Since high school, for close to thirty years, I have wanted to start something of my own. Then, with a few friends, we tried to develop a computer game. This was long before Unity, Youtube guides, online courses, and other tools. We had no money or experience, and we started head-first into it. Unsurprisingly, it failed, but we learned a few things. It was more complex than we imagined; Dunning-Kruger effect, anyone? We spent too much time discussing how we would distribute our imaginary earnings, which sounds probably familiar to many startups and VCs. Still, we managed to develop a bespoke 3D engine with decent performance, 3D models and level designs before the project collapsed. Most importantly, we stayed friends and still are today.
A bit later, I did some self-employed work during and after my undergraduate studies. Still, the steps to a sustainable business were unclear, and I focused solely on technical problems. For example, I started a PHP framework to simplify development work in PHP's early days. I built the basic framework but had no idea what to do next. Coming from a working-class background, I knew no entrepreneurs nor how a business works. Also, this was just after the Dot-come bubble burst around 2000, so the timing was not on my side.
I moved from Germany to the UK, Asia, and Australia. In Australia, I did a Master of Commerce (MCom). Firstly to get a visa and stay in the country with my girlfriend, and secondly, as a compromise. I had a BSc and wanted to learn more about business, but I did not want an MBA. As a young engineer, MBAs seemed too detached from the "real world". Not that I had quantifiable evidence, merely my unfounded opinion. The MCom was worthwhile despite the strain of working to pay for the study in parallel. It taught me about accounting, finance, economics, and scientific research, leading to my PhD. If the latter was a good or bad choice is a topic for another post.
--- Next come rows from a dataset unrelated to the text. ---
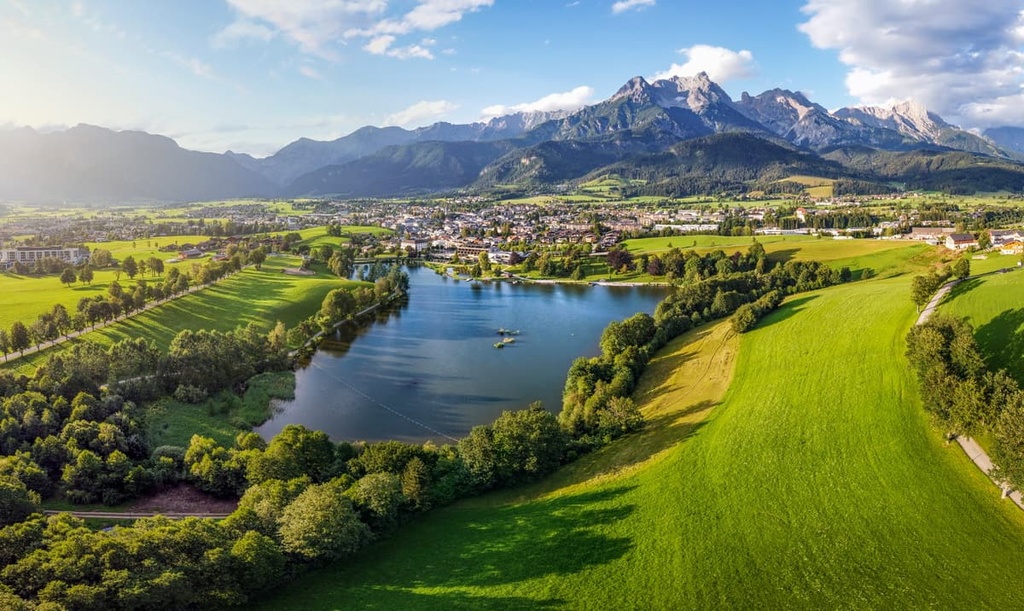 Salzburg, Austria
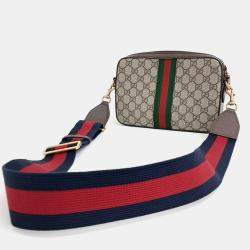 مملوكة مسبقًا Gucci Ophidia GG Shoulder Bag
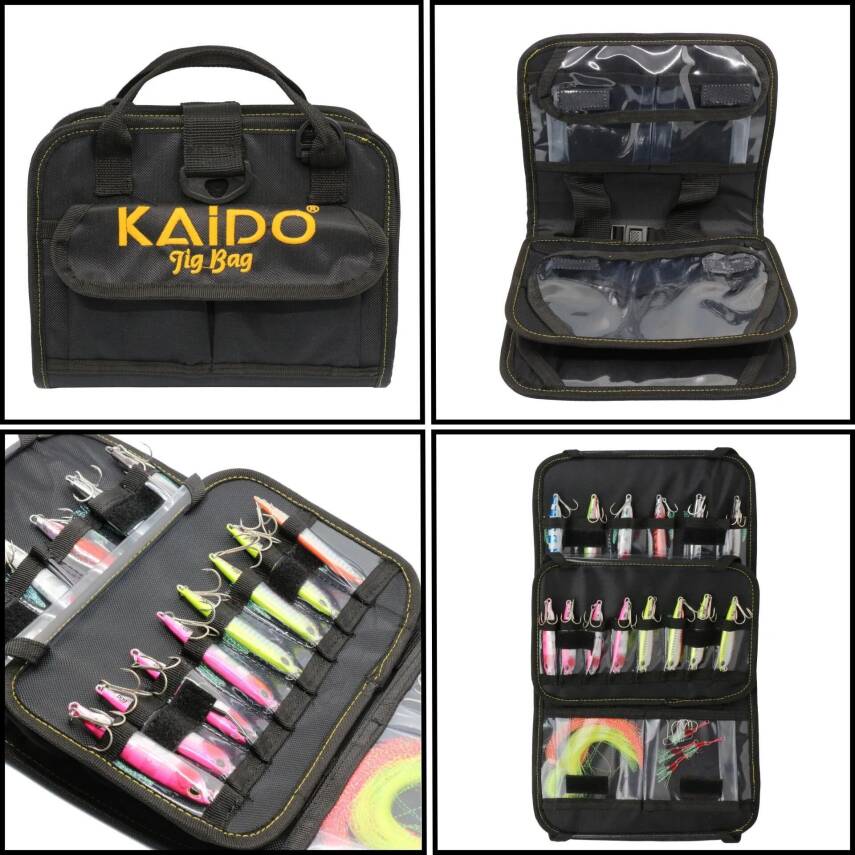 Kaido Jig Çantası - 3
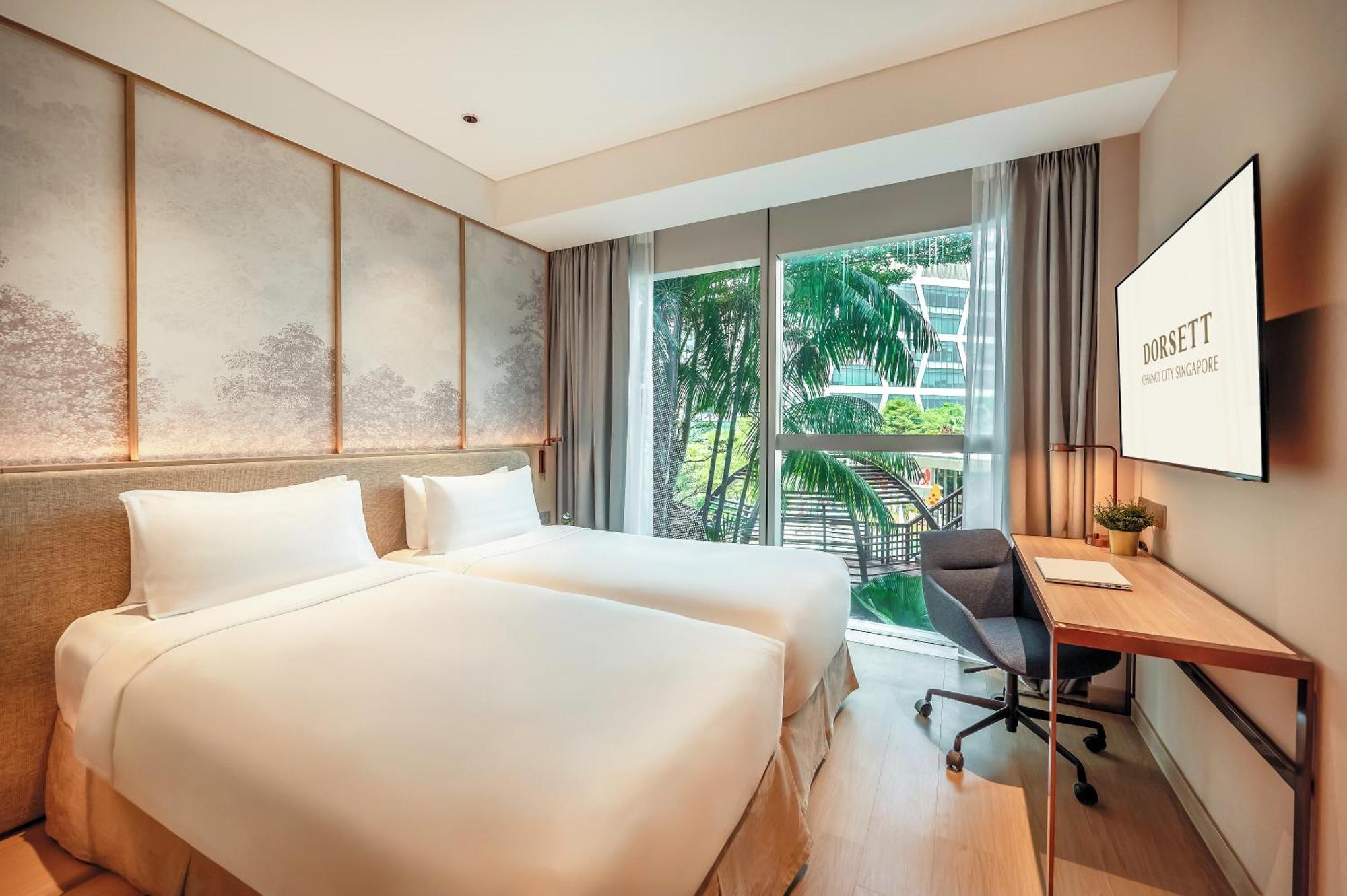 Hotel Dorsett Changi Singapore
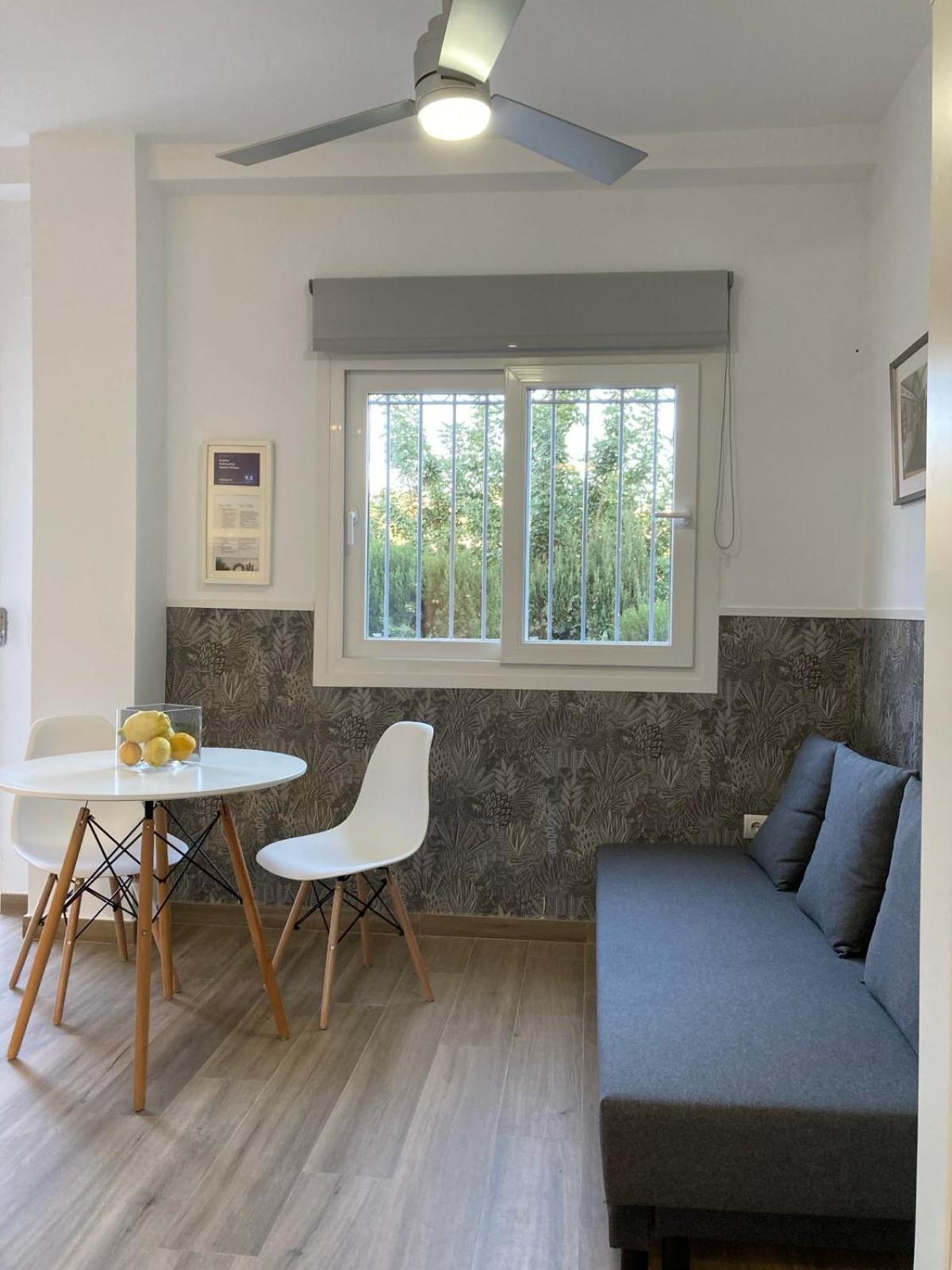 Estudio Pedregalejo Garden 2 Μάλαγα Εξωτερικό φωτογραφία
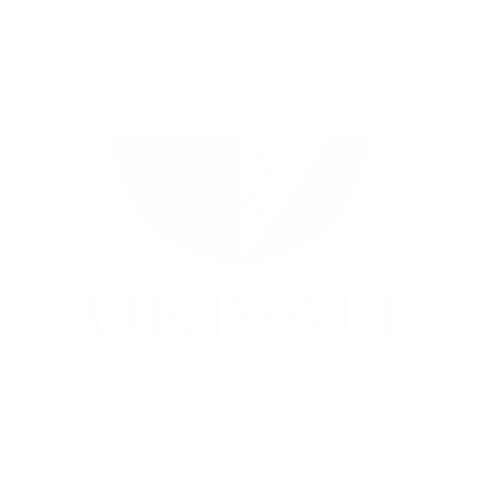 Univali2027 Sticker by Universidade do Vale do Itajaí - Univali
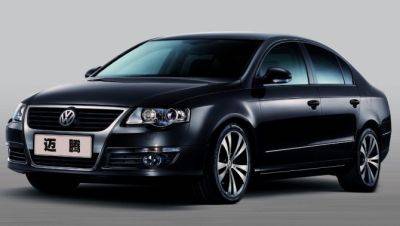 Volkswagen решил ставить в свои бюджетные седаны сразу три экрана - usedcars.ru - Китай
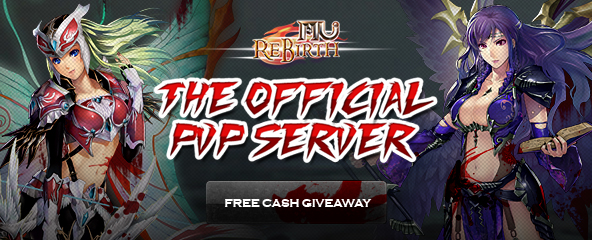 Mu Rebirth Free In-Game Cash Giveaway (3000 cash points)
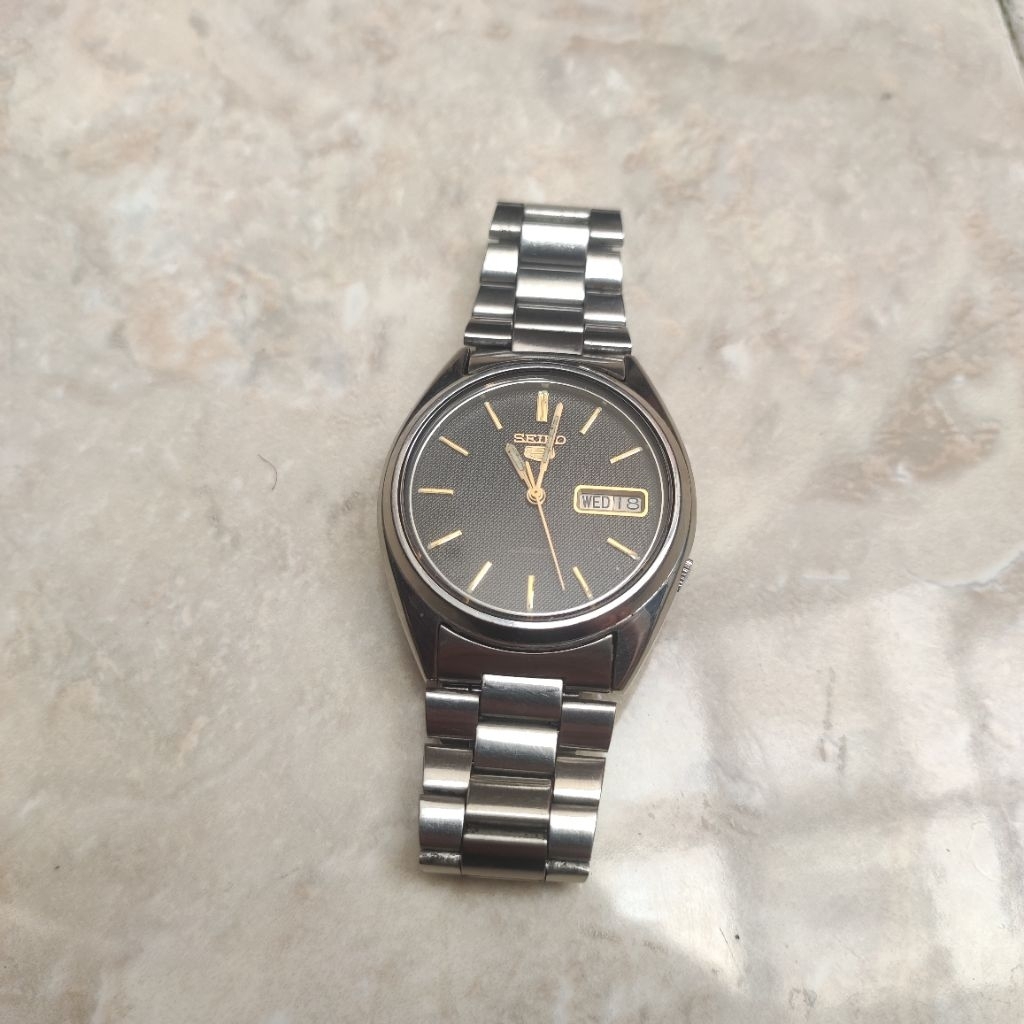 SEIKO5 AUTOMATIC 7009-8980A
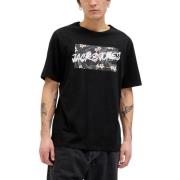 T-shirt Korte Mouw Jack &amp; Jones -
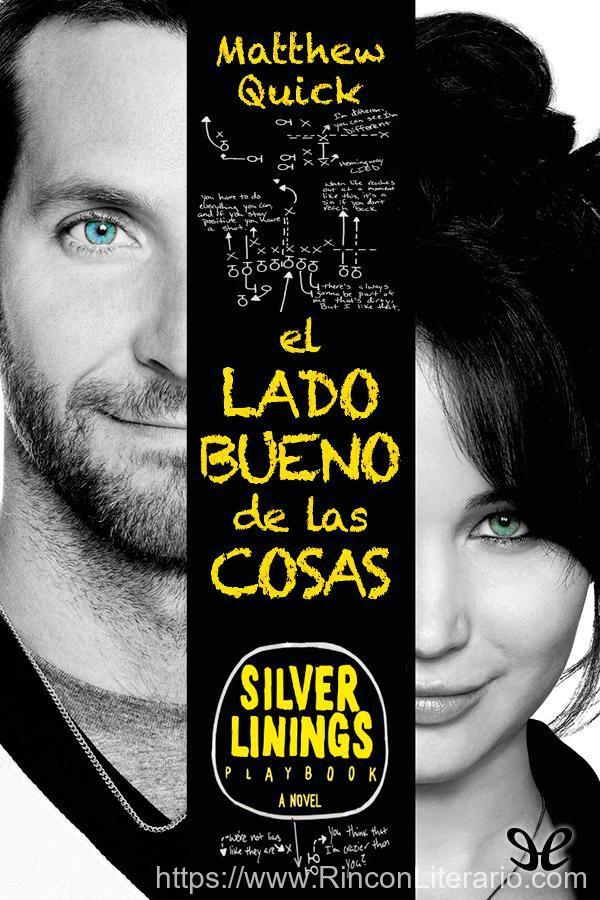 El lado bueno de las cosas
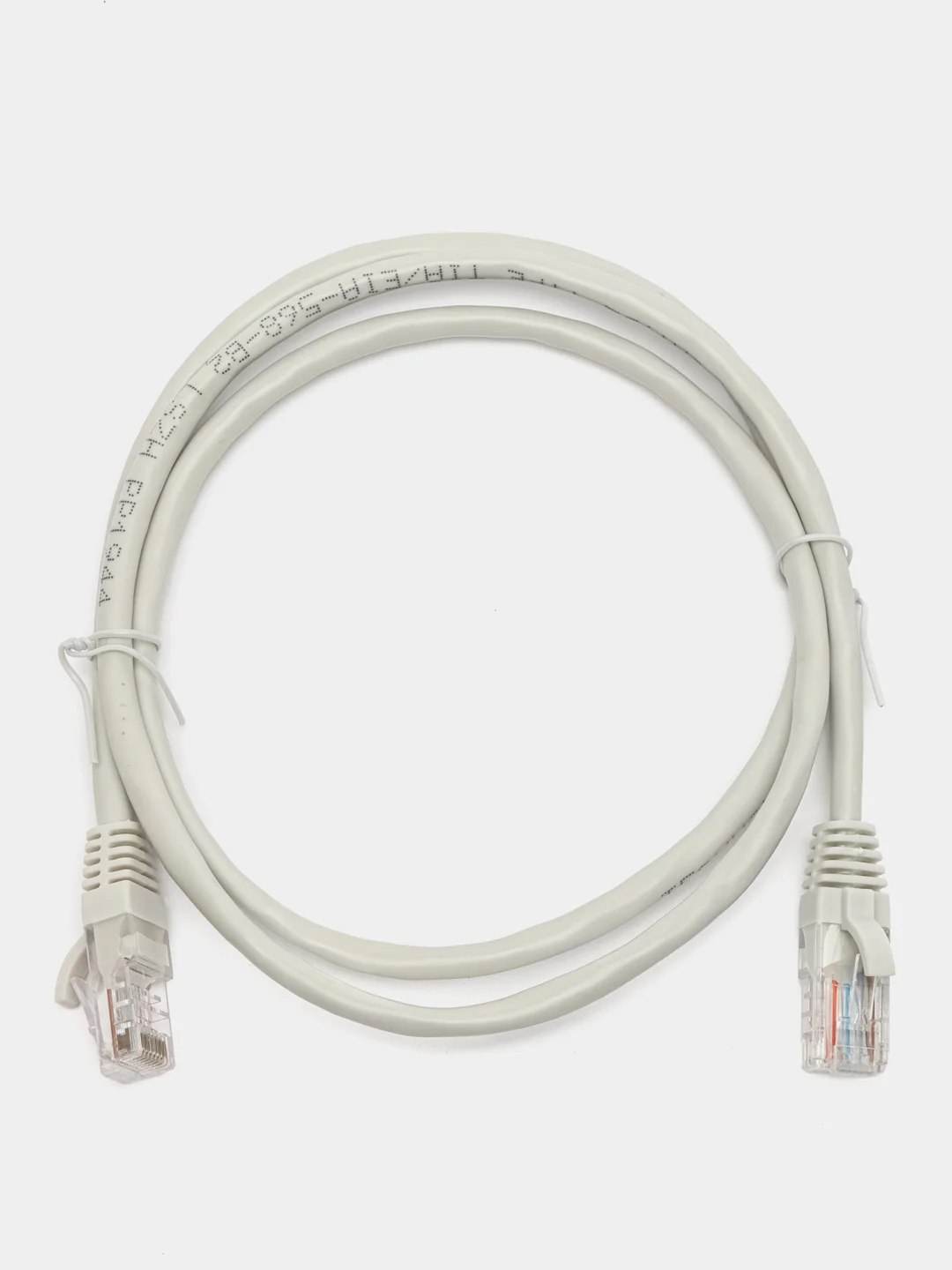 Кабель патчкорд 1м, 3м. для подключения интернета UTP 5e, LAN Enternet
I added a research semester to my MCom and worked with SAP Research and a professor on some Natural Language Processing (NLP) research. I enjoyed research and wanted to challenge myself. Looking for a PhD placement, I remember a conversation with a professor. One of my ideas was to research globally distributed databases with fewer consistency and data model restrictions. She specialised in databases but found the idea not interesting. In the following years, I watched how the NoSQL market exploded with new products and funding flooding the headlines. I learned, again, that ideas are one thing, but timing and support are another.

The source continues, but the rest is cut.